Filtering the records below, copy only those lines that include the word "China".

**** DATA EXCERPTS ****

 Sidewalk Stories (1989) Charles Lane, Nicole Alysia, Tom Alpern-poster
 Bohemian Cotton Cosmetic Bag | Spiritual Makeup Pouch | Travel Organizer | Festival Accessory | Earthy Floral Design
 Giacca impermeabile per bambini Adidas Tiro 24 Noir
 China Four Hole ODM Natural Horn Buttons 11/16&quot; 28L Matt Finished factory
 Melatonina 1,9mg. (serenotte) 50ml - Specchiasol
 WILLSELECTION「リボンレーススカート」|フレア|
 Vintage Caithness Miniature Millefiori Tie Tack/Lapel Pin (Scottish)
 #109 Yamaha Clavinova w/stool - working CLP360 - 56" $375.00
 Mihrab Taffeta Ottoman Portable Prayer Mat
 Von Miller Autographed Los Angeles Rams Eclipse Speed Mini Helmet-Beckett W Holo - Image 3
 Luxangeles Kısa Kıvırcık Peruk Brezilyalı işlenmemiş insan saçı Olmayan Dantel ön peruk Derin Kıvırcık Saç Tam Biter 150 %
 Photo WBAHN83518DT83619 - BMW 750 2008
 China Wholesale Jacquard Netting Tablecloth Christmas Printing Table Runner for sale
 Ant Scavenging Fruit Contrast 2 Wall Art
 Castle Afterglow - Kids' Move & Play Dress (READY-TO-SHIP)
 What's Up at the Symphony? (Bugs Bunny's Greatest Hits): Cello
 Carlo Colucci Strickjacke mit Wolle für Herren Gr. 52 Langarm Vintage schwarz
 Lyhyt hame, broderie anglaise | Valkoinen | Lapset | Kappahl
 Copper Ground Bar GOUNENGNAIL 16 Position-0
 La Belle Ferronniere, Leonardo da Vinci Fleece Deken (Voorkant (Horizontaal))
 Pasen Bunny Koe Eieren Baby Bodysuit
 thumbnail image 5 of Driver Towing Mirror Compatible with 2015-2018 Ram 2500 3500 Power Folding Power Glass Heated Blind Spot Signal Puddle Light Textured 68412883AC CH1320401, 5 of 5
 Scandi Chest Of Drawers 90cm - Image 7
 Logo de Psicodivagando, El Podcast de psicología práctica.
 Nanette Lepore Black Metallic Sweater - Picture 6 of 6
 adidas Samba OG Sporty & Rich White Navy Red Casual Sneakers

****

● TASK RESPONSE
 China Four Hole ODM Natural Horn Buttons 11/16&quot; 28L Matt Finished factory
 China Wholesale Jacquard Netting Tablecloth Christmas Printing Table Runner for sale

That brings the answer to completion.